Yes…but Asset Mgmt list should be compared with IEM as there would be possibility of Machines may not be present in IEM. and around 20 % machines have computer name as FQDN…and the same name in Asset Mgmt tool (as it is manual) they are without FQDN.

swap041 · September 29, 2015, 3:25pm

Any suggestions on this .!!! Please suggest

JasonWalker · September 30, 2015, 1:55am

Ah, well, I guess I’m invested in this question now. This could certainly be optimized for readability, and possibly for performance, but it performs much better than a tuple of lines from each file already.

Build three sets - one for the lines of the first file, one for the lines of the second file (removing the “.” and everything after), and a third for the original lines of the second file.
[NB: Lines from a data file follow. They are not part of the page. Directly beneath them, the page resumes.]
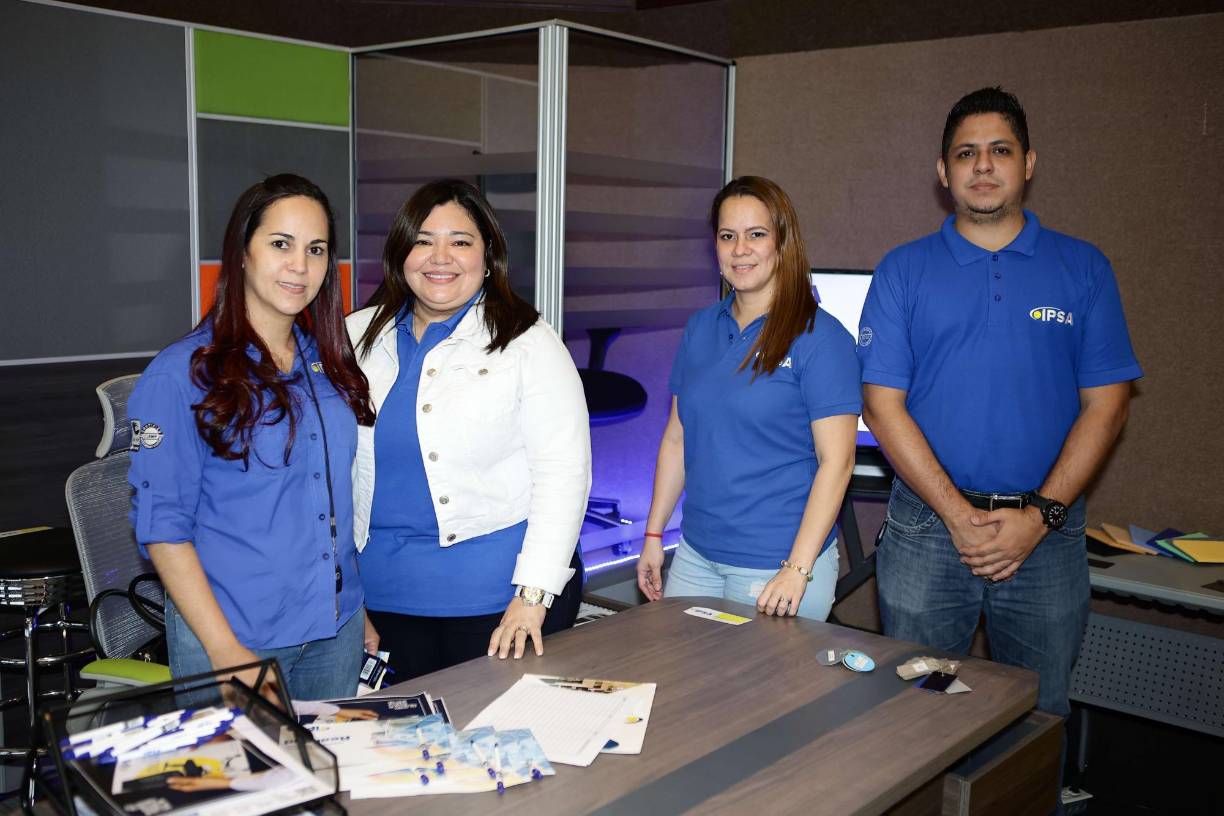 Alejandra Figueroa, Helen Puentes, Melissa Leiva y Saúl Vargas
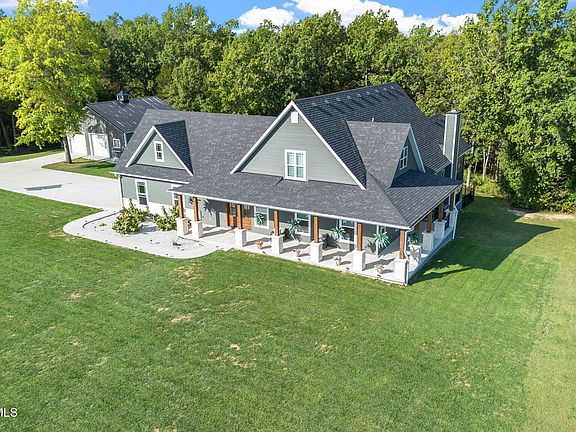 2nd image of 25400 Silvercrest Ct
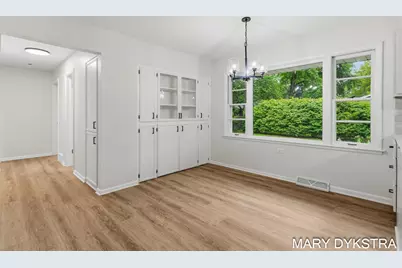 409 W Lakewood Boulevard, Holland, MI 49424 - Photo 14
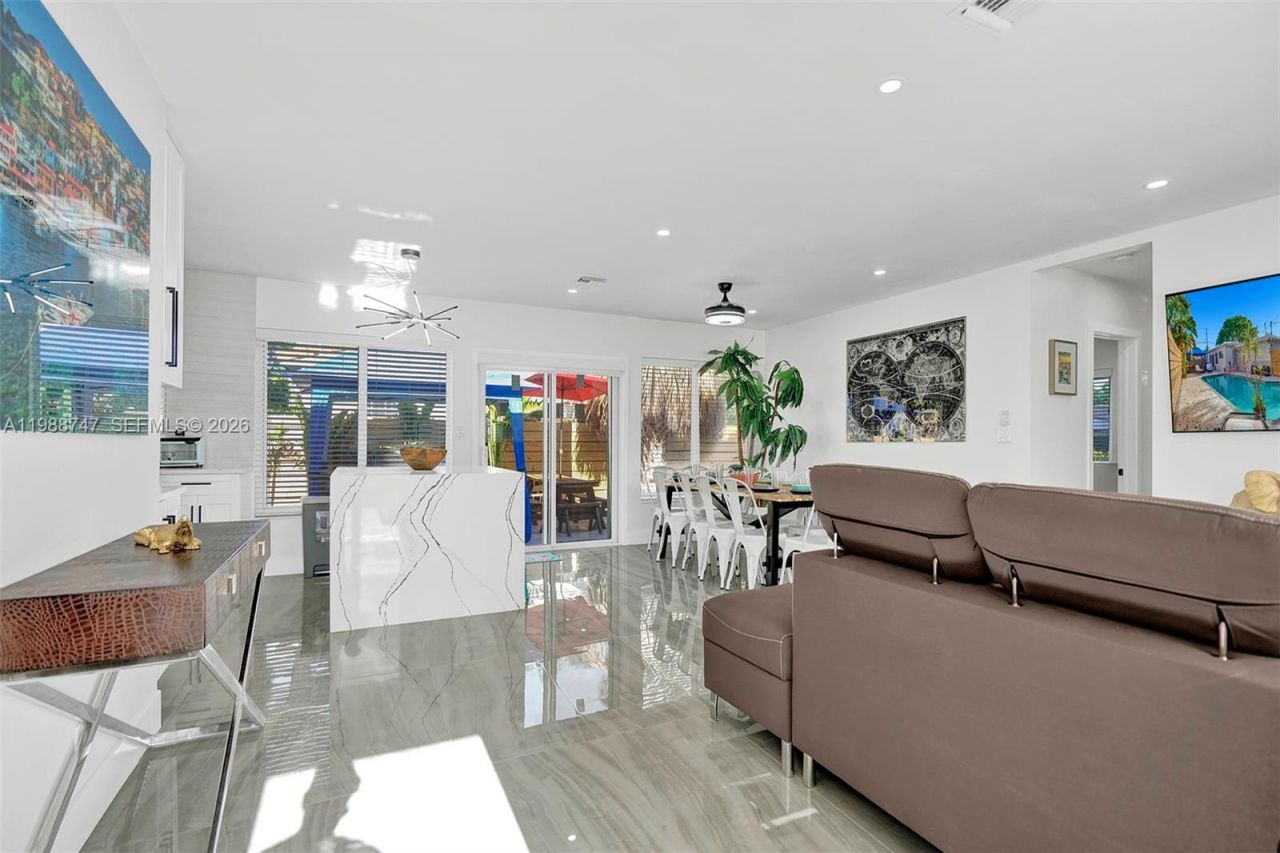 1800 N Victoria Park Rd , Fort Lauderdale, FL 33305 Photo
Use an intersection of the “trimmed” lines to find matches, then find the lines from the original second file that start with a matched value.

The performance on this should improve as the number of duplicates goes down. In my check test1.txt has 501 lines, test2.txt has 204 lines, there are 101 matches between them, and it completes in 7.098 ms.

q:  items 1 of ((elements of item 0 of it, elements of item 1 of it) whose (item 1 of it starts with item 0 of it))of (intersection of (item 0 of it;item 1 of it), item 2 of it) of ((set of (if it contains "." then preceding text of first "." of it else it) of lines of file "c:\temp\test\test1.txt"),(set of (if it contains "." then preceding text of first "." of it else it) of lines of file "c:\temp\test\test2.txt"), (set of lines of file "c:\temp\test\test2.txt"))

swap041 · September 30, 2015, 1:51pm

Thanks Jason!!!. It worked